Work task
Your answer must be an exact copy of the data below.

Input material

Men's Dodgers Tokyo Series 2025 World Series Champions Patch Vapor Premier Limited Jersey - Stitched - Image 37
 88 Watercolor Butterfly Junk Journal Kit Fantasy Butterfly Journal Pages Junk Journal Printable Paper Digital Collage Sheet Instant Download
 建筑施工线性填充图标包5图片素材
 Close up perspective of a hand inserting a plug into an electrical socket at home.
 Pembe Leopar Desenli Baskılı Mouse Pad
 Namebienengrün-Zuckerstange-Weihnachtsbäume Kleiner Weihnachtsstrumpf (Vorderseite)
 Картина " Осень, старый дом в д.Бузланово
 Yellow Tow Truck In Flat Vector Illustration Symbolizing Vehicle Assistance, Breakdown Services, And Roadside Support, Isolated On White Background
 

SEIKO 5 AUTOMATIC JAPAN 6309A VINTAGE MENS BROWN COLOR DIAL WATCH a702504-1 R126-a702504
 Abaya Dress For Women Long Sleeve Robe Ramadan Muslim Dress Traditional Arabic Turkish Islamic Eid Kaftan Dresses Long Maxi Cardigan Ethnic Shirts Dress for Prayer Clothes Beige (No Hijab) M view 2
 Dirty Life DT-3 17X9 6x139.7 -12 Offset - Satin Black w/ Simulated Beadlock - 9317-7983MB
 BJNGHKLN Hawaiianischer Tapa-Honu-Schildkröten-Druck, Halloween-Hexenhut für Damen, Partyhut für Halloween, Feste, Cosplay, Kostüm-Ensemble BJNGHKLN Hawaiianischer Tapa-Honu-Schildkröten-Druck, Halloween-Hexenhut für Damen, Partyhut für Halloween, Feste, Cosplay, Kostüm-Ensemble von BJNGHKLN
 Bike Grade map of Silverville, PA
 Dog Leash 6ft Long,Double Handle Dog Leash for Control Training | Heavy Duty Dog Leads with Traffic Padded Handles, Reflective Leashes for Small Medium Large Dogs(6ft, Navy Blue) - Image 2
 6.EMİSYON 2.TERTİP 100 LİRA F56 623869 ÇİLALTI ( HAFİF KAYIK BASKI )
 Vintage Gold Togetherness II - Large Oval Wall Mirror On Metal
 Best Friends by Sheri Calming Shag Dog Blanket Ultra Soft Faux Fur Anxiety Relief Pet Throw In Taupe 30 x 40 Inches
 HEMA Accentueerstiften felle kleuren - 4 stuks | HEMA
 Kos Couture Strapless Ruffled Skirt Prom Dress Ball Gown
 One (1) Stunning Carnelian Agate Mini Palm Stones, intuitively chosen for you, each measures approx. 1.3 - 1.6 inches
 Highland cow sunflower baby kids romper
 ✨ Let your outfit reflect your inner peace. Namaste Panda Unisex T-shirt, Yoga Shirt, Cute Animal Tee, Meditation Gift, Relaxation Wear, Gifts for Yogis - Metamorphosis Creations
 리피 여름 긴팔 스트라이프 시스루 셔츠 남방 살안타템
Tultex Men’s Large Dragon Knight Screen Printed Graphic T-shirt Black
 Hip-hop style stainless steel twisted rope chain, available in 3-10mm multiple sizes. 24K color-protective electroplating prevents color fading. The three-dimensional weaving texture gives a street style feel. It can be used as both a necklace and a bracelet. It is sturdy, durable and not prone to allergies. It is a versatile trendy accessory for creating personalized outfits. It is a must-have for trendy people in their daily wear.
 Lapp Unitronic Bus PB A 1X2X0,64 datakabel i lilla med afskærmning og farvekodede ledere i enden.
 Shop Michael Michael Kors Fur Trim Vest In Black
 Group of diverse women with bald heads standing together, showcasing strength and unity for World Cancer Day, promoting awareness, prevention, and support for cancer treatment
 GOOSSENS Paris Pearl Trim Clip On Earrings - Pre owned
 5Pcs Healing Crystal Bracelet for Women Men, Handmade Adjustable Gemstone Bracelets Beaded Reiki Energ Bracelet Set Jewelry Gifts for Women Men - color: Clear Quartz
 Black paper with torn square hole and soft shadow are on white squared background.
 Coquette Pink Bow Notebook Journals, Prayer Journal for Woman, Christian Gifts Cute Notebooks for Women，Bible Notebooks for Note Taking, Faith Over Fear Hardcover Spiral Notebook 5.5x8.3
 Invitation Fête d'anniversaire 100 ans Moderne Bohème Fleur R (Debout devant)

Answer
Men's Dodgers Tokyo Series 2025 World Series Champions Patch Vapor Premier Limited Jersey - Stitched - Image 37
 88 Watercolor Butterfly Junk Journal Kit Fantasy Butterfly Journal Pages Junk Journal Printable Paper Digital Collage Sheet Instant Download
 建筑施工线性填充图标包5图片素材
 Close up perspective of a hand inserting a plug into an electrical socket at home.
 Pembe Leopar Desenli Baskılı Mouse Pad
 Namebienengrün-Zuckerstange-Weihnachtsbäume Kleiner Weihnachtsstrumpf (Vorderseite)
 Картина " Осень, старый дом в д.Бузланово
 Yellow Tow Truck In Flat Vector Illustration Symbolizing Vehicle Assistance, Breakdown Services, And Roadside Support, Isolated On White Background
 

SEIKO 5 AUTOMATIC JAPAN 6309A VINTAGE MENS BROWN COLOR DIAL WATCH a702504-1 R126-a702504
 Abaya Dress For Women Long Sleeve Robe Ramadan Muslim Dress Traditional Arabic Turkish Islamic Eid Kaftan Dresses Long Maxi Cardigan Ethnic Shirts Dress for Prayer Clothes Beige (No Hijab) M view 2
 Dirty Life DT-3 17X9 6x139.7 -12 Offset - Satin Black w/ Simulated Beadlock - 9317-7983MB
 BJNGHKLN Hawaiianischer Tapa-Honu-Schildkröten-Druck, Halloween-Hexenhut für Damen, Partyhut für Halloween, Feste, Cosplay, Kostüm-Ensemble BJNGHKLN Hawaiianischer Tapa-Honu-Schildkröten-Druck, Halloween-Hexenhut für Damen, Partyhut für Halloween, Feste, Cosplay, Kostüm-Ensemble von BJNGHKLN
 Bike Grade map of Silverville, PA
 Dog Leash 6ft Long,Double Handle Dog Leash for Control Training | Heavy Duty Dog Leads with Traffic Padded Handles, Reflective Leashes for Small Medium Large Dogs(6ft, Navy Blue) - Image 2
 6.EMİSYON 2.TERTİP 100 LİRA F56 623869 ÇİLALTI ( HAFİF KAYIK BASKI )
 Vintage Gold Togetherness II - Large Oval Wall Mirror On Metal
 Best Friends by Sheri Calming Shag Dog Blanket Ultra Soft Faux Fur Anxiety Relief Pet Throw In Taupe 30 x 40 Inches
 HEMA Accentueerstiften felle kleuren - 4 stuks | HEMA
 Kos Couture Strapless Ruffled Skirt Prom Dress Ball Gown
 One (1) Stunning Carnelian Agate Mini Palm Stones, intuitively chosen for you, each measures approx. 1.3 - 1.6 inches
 Highland cow sunflower baby kids romper
 ✨ Let your outfit reflect your inner peace. Namaste Panda Unisex T-shirt, Yoga Shirt, Cute Animal Tee, Meditation Gift, Relaxation Wear, Gifts for Yogis - Metamorphosis Creations
 리피 여름 긴팔 스트라이프 시스루 셔츠 남방 살안타템
Tultex Men’s Large Dragon Knight Screen Printed Graphic T-shirt Black
 Hip-hop style stainless steel twisted rope chain, available in 3-10mm multiple sizes. 24K color-protective electroplating prevents color fading. The three-dimensional weaving texture gives a street style feel. It can be used as both a necklace and a bracelet. It is sturdy, durable and not prone to allergies. It is a versatile trendy accessory for creating personalized outfits. It is a must-have for trendy people in their daily wear.
 Lapp Unitronic Bus PB A 1X2X0,64 datakabel i lilla med afskærmning og farvekodede ledere i enden.
 Shop Michael Michael Kors Fur Trim Vest In Black
 Group of diverse women with bald heads standing together, showcasing strength and unity for World Cancer Day, promoting awareness, prevention, and support for cancer treatment
 GOOSSENS Paris Pearl Trim Clip On Earrings - Pre owned
 5Pcs Healing Crystal Bracelet for Women Men, Handmade Adjustable Gemstone Bracelets Beaded Reiki Energ Bracelet Set Jewelry Gifts for Women Men - color: Clear Quartz
 Black paper with torn square hole and soft shadow are on white squared background.
 Coquette Pink Bow Notebook Journals, Prayer Journal for Woman, Christian Gifts Cute Notebooks for Women，Bible Notebooks for Note Taking, Faith Over Fear Hardcover Spiral Notebook 5.5x8.3
 Invitation Fête d'anniversaire 100 ans Moderne Bohème Fleur R (Debout devant)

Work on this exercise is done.